*PROBLEM TO SOLVE*
The answer is the data below, repeated exactly, with no pictures included.

*COLLECTED MATERIAL*

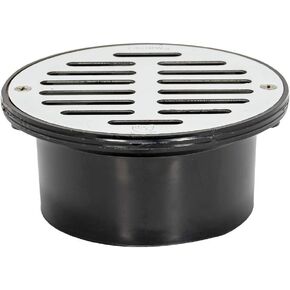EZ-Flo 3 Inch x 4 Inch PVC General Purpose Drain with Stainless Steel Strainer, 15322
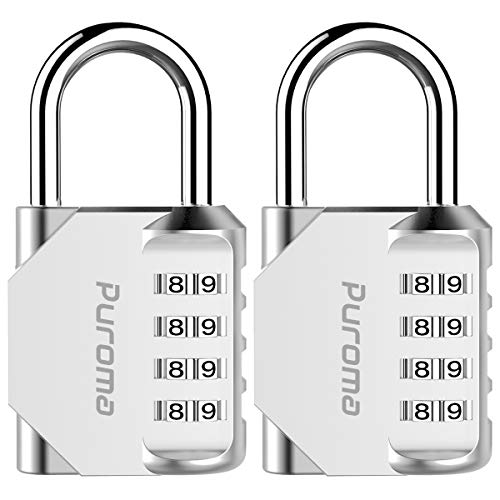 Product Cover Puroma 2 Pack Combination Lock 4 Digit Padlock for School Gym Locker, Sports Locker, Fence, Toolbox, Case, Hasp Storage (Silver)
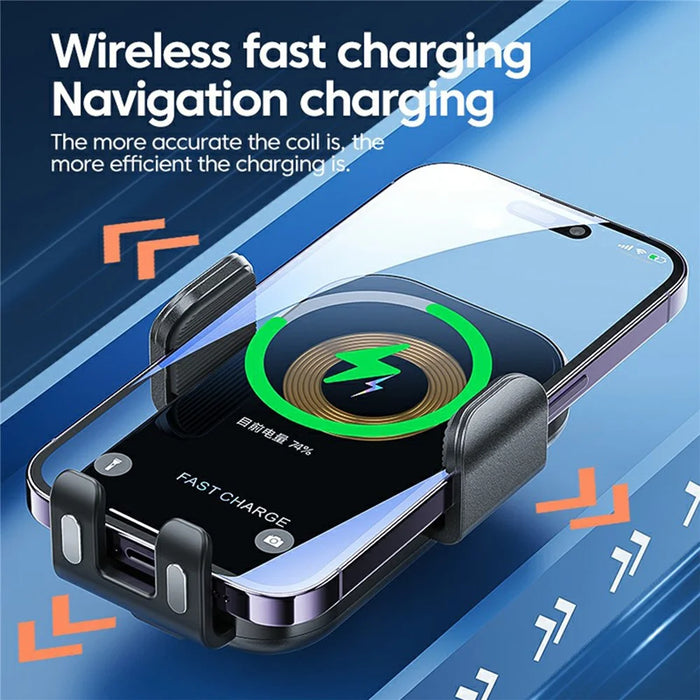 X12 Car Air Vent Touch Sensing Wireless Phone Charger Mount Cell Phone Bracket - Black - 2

*TASK ANSWER*
EZ-Flo 3 Inch x 4 Inch PVC General Purpose Drain with Stainless Steel Strainer, 15322
 Product Cover Puroma 2 Pack Combination Lock 4 Digit Padlock for School Gym Locker, Sports Locker, Fence, Toolbox, Case, Hasp Storage (Silver)
 X12 Car Air Vent Touch Sensing Wireless Phone Charger Mount Cell Phone Bracket - Black - 2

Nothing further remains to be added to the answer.